# Server Socket und Client Socket



## spiderman21 (20. Oktober 2007)

Hallo,

Ich versuche gerade eine Art Chat zu entwickeln. Bis jetzt hab ich mein Programm soweit:
Es gibt einen Server Socket und Clienten Sockets. Die Clienten können sich mit dem Server verbinden und Text (Strings) zum Server schicken, am Server kann der Text dann auf der Commandozeile ausgegben werden.
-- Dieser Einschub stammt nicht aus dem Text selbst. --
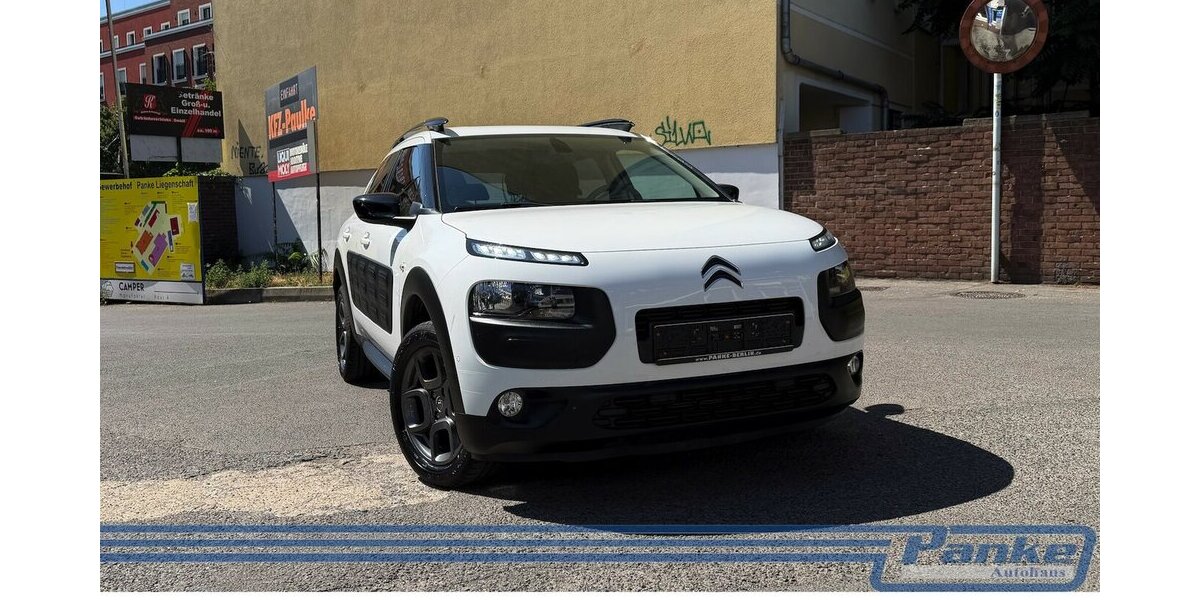 Citroen C4 Cactus Shine*R-Cam*SR+WR*Tempo*SHZ*Navi* 80.527 km 7.890 &euro; Berlin 13187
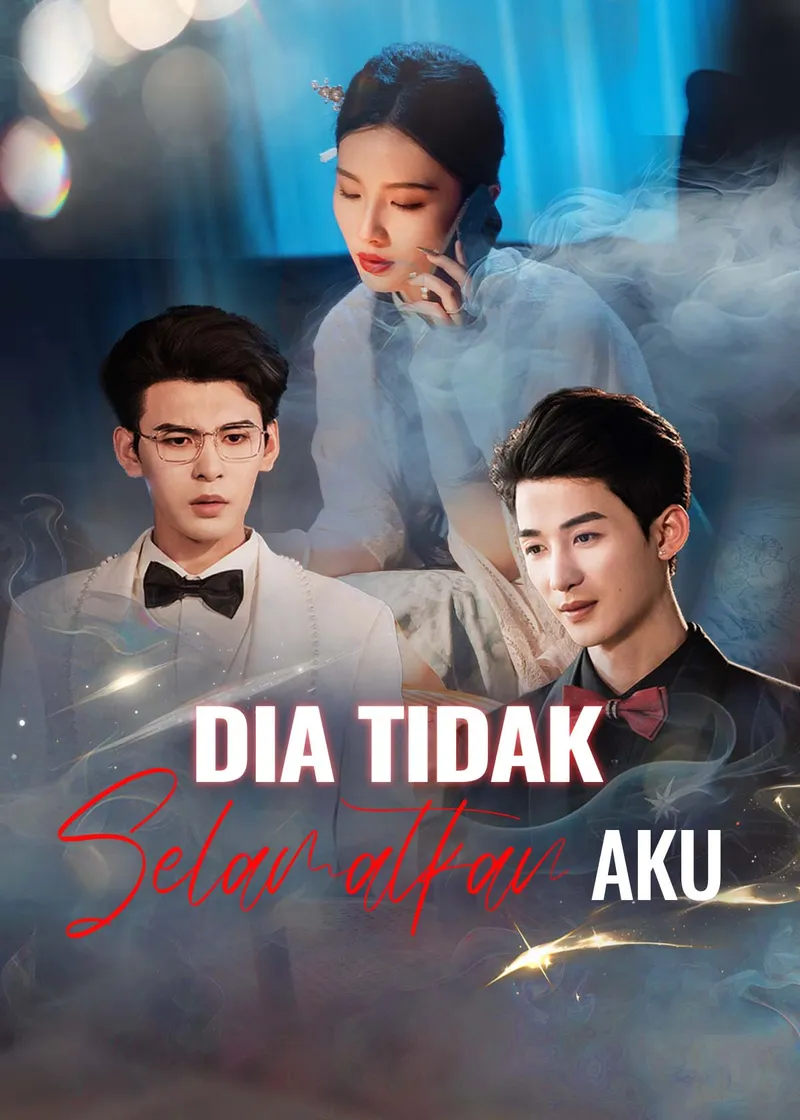 Sampul Dia Tidak Selamatkan Aku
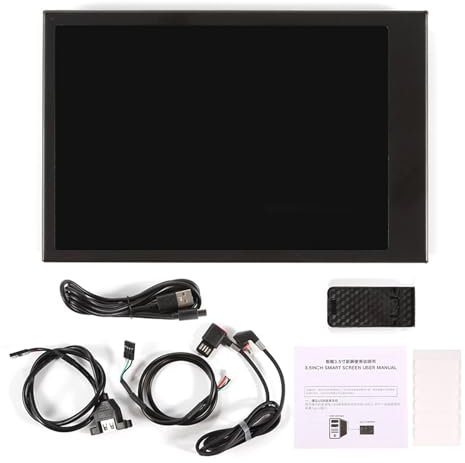 8,9 cm (3,5 Zoll) USB kleiner Bildschirm PC Computer Speicher Daten Monitore AIDA64 Computer Temperaturanzeige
Für jeden Client wird ein Serverthread erzeugt.
Jetzt soll aber Text von einem Client zu anderen geschickt werden.
Also zum Beispiel so: Ein Client schickt Text an den Server und der Server verteilt den Text dann an alle anderen verbundenen Clients oder ein Client schickt Text an den Server und der Server verteilt den Text dann an einen bestimmten Client.
Kann mir dabei jemand helfen?

danke!
lg


----------



## AndreG (22. Oktober 2007)

Ich denke das du dafür hier falsch bist. 

Das ist eher die Programmierer Ecke. Das hat absolut nichts mit dem 
I-Net oder Protokoll zu tun, sonder ist ein rein Programm Technisches Prob.

Mfg Andre


----------